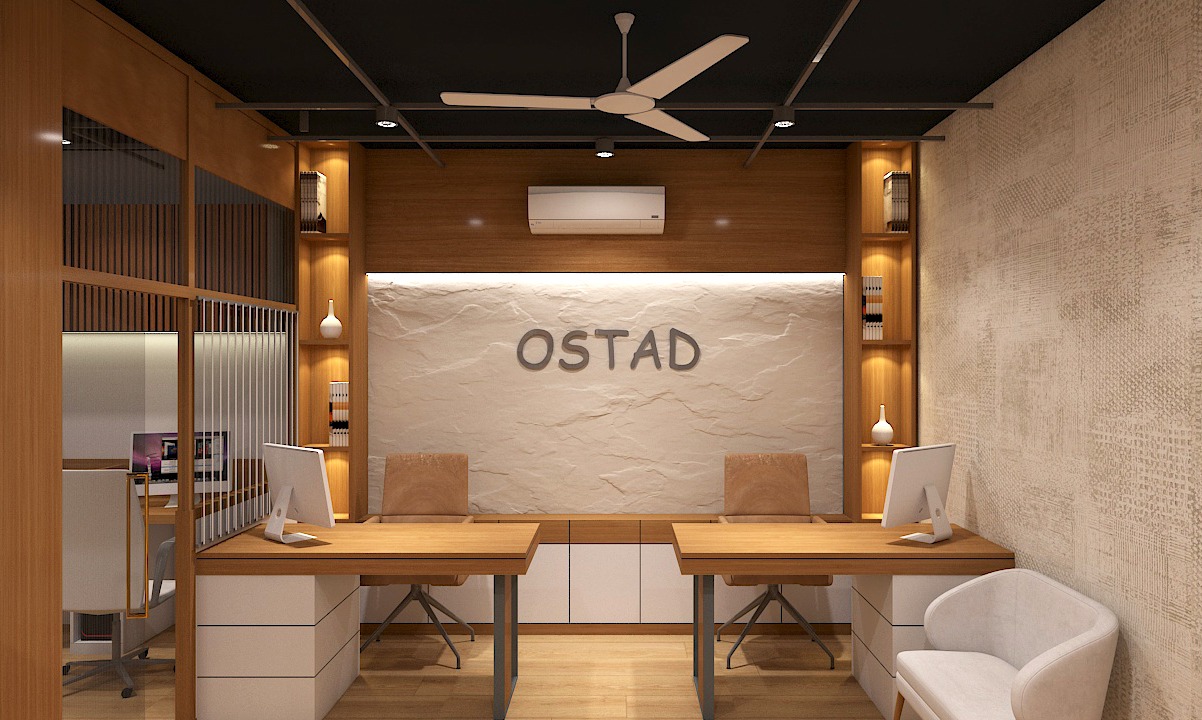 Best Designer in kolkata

---+---

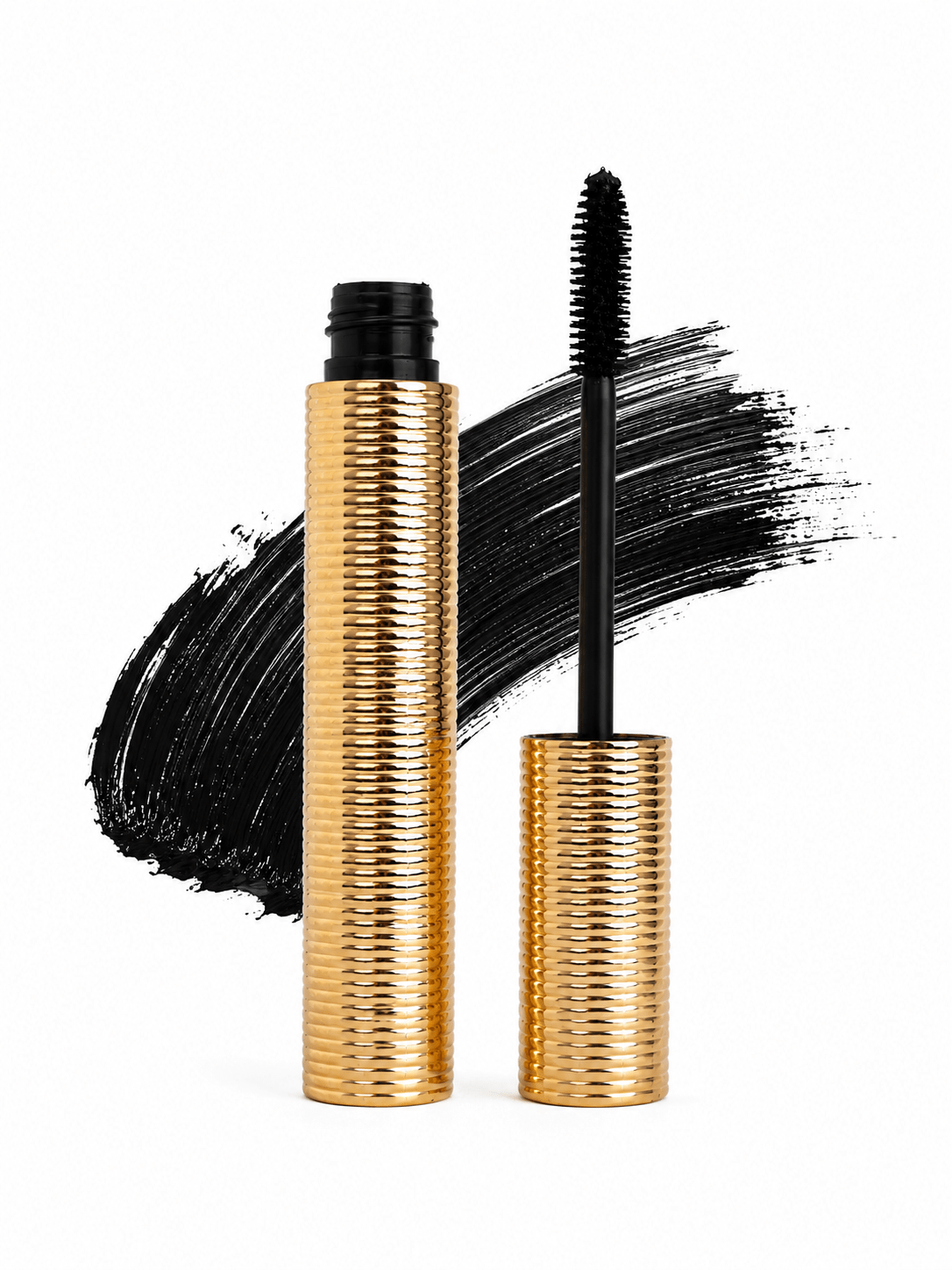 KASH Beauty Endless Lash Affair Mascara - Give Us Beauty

---+---

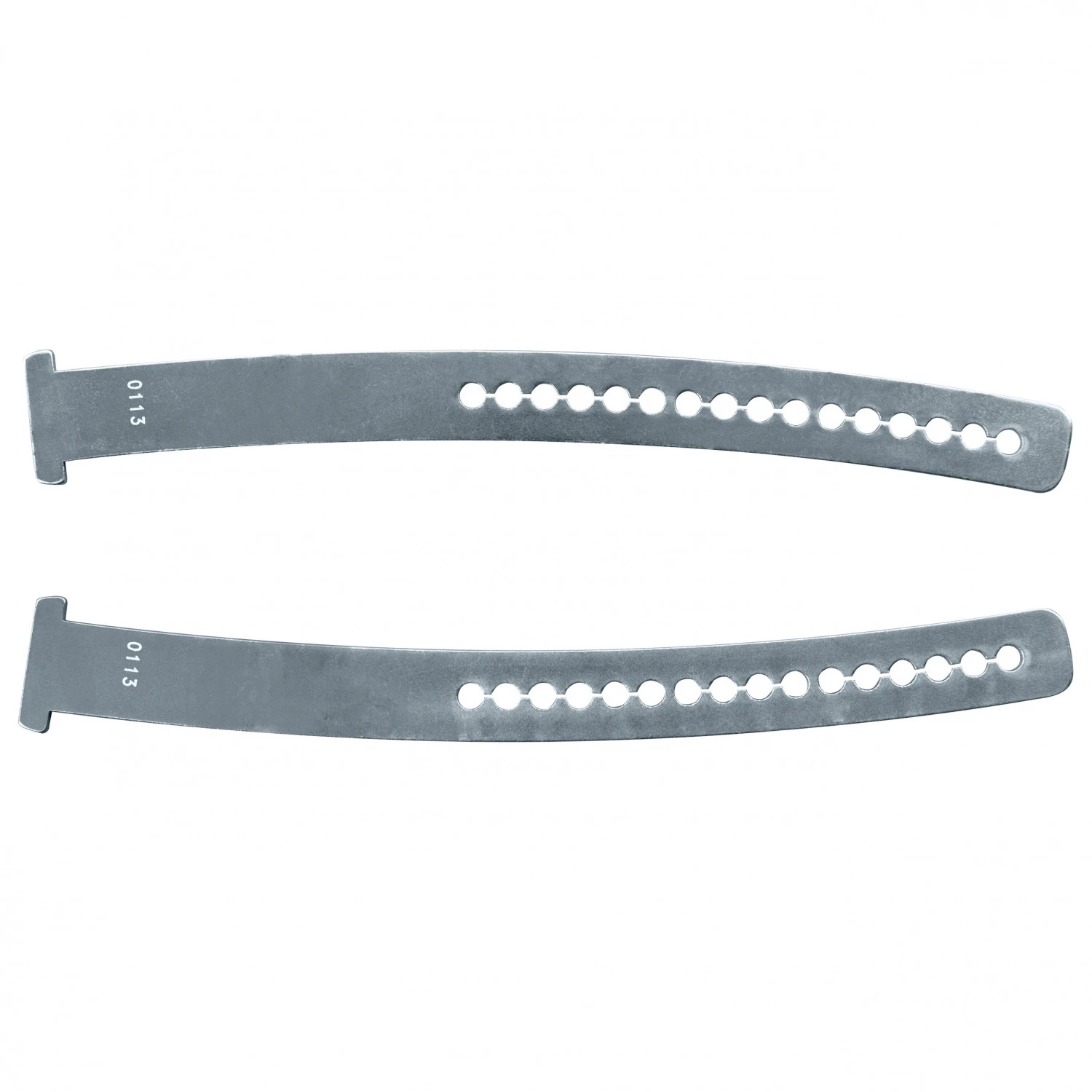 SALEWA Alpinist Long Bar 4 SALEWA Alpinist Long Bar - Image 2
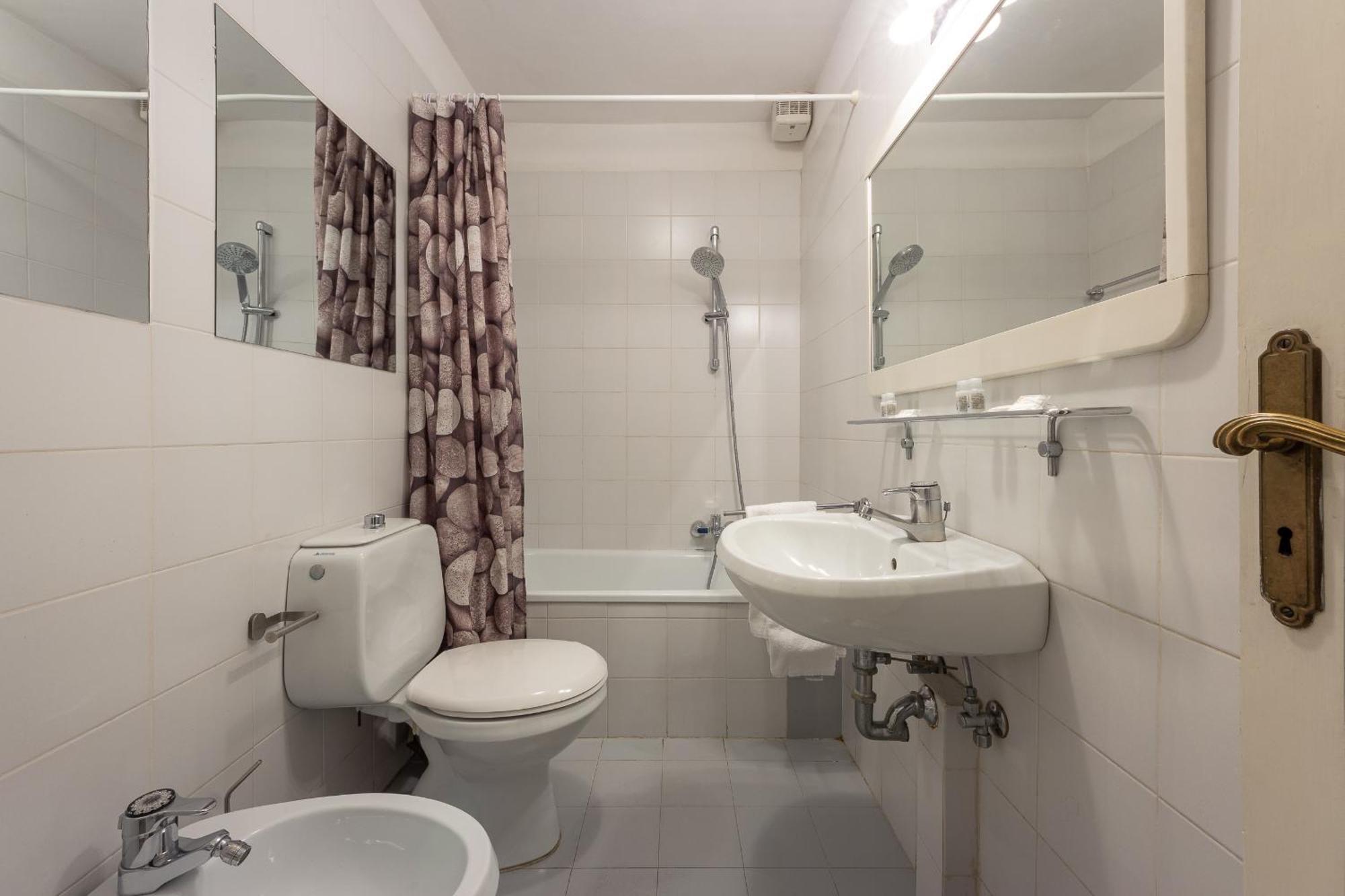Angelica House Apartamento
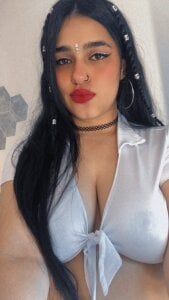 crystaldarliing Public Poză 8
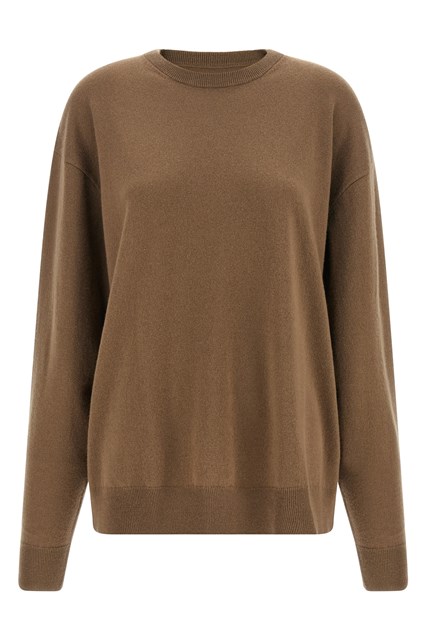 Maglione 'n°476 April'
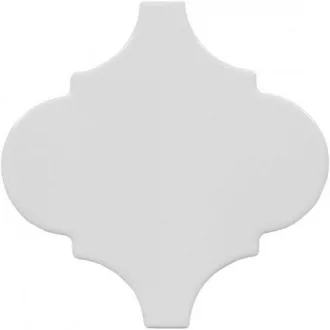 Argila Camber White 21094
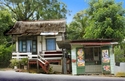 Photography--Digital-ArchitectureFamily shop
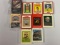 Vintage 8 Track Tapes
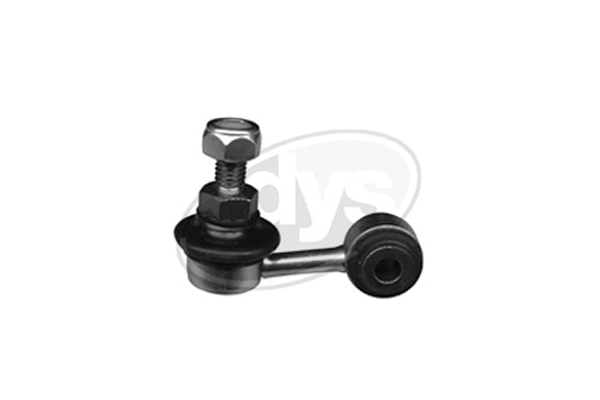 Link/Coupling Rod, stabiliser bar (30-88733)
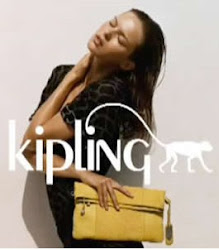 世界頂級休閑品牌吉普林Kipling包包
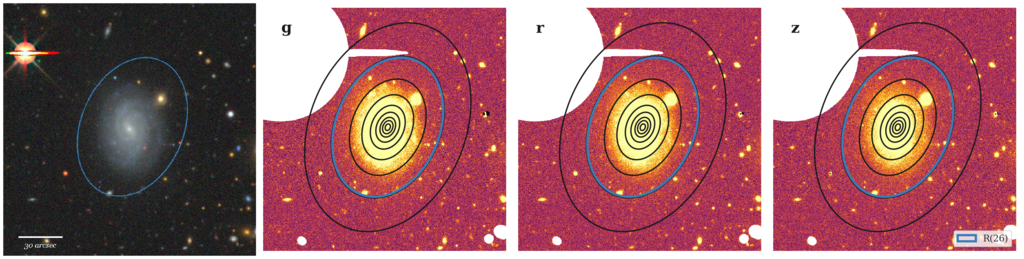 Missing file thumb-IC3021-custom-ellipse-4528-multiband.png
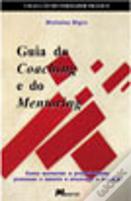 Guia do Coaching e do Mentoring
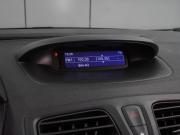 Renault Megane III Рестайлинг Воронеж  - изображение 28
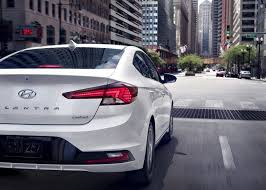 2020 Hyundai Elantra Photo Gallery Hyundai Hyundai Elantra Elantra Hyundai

---+---

- [Exercise goal] Above are the records; please give again, exactly and in full, only the lines that run from the line with "Guia do Coaching e do Mentoring" through the line with "2020 Hyundai Elantra", with no pictures.

- [Your solution]
 Guia do Coaching e do Mentoring
 Renault Megane III Рестайлинг Воронеж  - изображение 28
 2020 Hyundai Elantra Photo Gallery Hyundai Hyundai Elantra Elantra Hyundai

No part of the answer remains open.